2022/11/10
事例から学ぶ
コールセンター事業やバックオフィス事業を通じて企業の顧客サポート、事務処理サポートなどを行うりらいあコミュニケーションズ(東京都渋谷区、網野孝社長)。国内30カ所以上で約1万9000人の従業員がサービスに従事する。同社は2020年に対策を定め、災害時の一斉帰宅抑制に向けた取り組みを開始した。
記事中写真提供:りらいあコミュニケーションズ
りらいあコミュニケーションズ
東京都
※本記事は月刊BCPリーダーズvol.32(2022年11月号)に掲載したものです。
❶座席数の6割3日間を目標に備蓄品を確保
・東日本大震災を機に備蓄確保に取り組み、全国拠点の全座席数の6割が3日間滞在できる物資の備えを2年がかりで達成。経営層のあと押しが強まったことも達成要因。
❷備蓄内容を常にアップデートし実効性を高める
・被災経験や夜間滞在訓練を生かすとともに、女性の力を活用して備蓄品を常にアップデート。実際の被災時に本当に役立つかどうかを視点に、必要な備えを追求。
❸東京都の一斉帰宅抑制推進モデル企業に認定
・東京都の一斉帰宅抑制推進モデル企業に認定されたことで他社の目標となるだけでなく、顧客先の備蓄対策にも影響を与えるなど、業界への波及効果を生み出す。
経営層のあと押しで備蓄目標達成
りらいあコミュニケーションズは東京・渋谷の本社だけでなく、全国の支社・支店やほぼすべてのオペレーションセンターで、座席数の6割が3日間滞在できる備蓄品を確保している。総務部・部長の鈴島栄都子氏は「業務に繁忙期と閑散期があり、毎日全席フル稼働しているわけではないため、座席数の6割は決して低い数字ではない」と説明する。
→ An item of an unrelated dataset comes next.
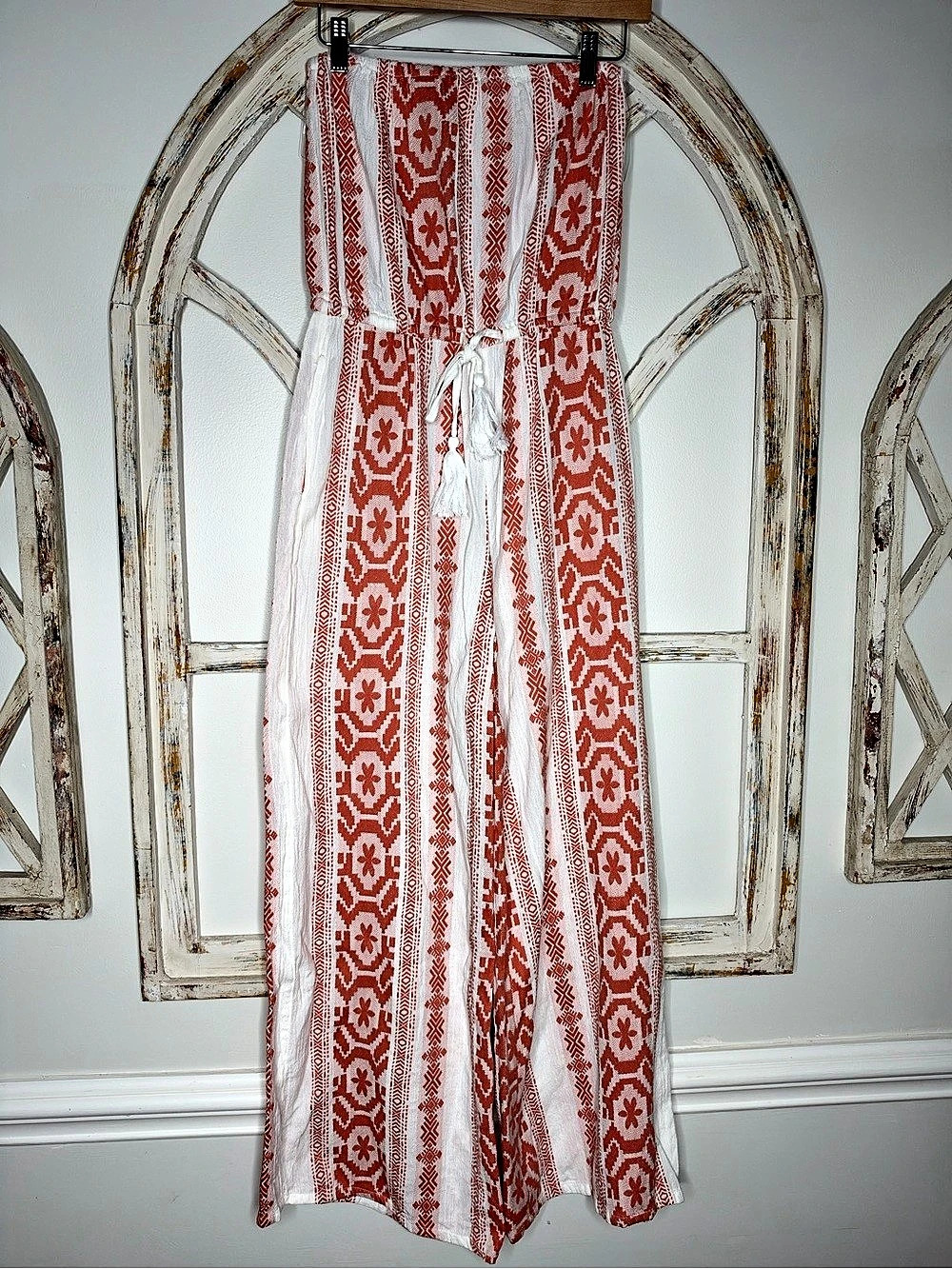 Elan Wide Leg Printed Pants in White & Orange- Size Medium- EUC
コールセンターの運営やバックオフィス業務はニーズの変化が激しい特徴がある。例えば、企業がキャンペーン期間限定で短期の電話受付対応を依頼するケース。そのため座席数に対する備蓄品の割合は、6割で不足はない。ただし、防災リュックは全席の椅子に装備。ヘルメットや軍手、水、食料、携帯トイレなどを入れている。
同社が一斉帰宅抑制に向けて備蓄品の確保に動き出したのは2011年の東日本大震災がきっかけ。仙台市にあった当時の東北支店と仙台青葉センターの2拠点が被災した。合わせて約200席に約600人が勤務していたという。人的被害はなかったが、天井パネルの落下などが発生した。
翌2012年、政府は企業に3日間分の水、食料などの備蓄を求めるガイドラインを策定。首都直下地震を想定したもので、帰宅困難者数は東日本大震災の約1.5倍の517万人を見込んだ。また同じ年、東京都も企業に対して3日分の備蓄の努めを記した東京都帰宅困難者対策条例を制定した。
とはいえ、同社がそこでいきなり座席数の6割が3日間滞在できる物資の備えを実現できたわけではない。鈴島氏は「この備蓄目標を全国で達成するまでに約2年かかった」と振り返る。
「被災地は比較的スムーズに進みましたが、地震が少ない地域ではやはりオペレーションセンターの稼働が優先された。当初は『3割程度の備蓄なら可能』と答えるセンターもありました。6割備蓄が加速したのは、経営層からのあと押しが強まったから」と続ける。
総務部・総務室の有岡陸氏も「以前はいかに限られたスペースで売上を上げるかに軸足があった。今は考え方が変わり、従業員が安全に安心して働きやすい環境を意識しています。備蓄品の要望も裏付けがあれば通りやすくなりました」と話す。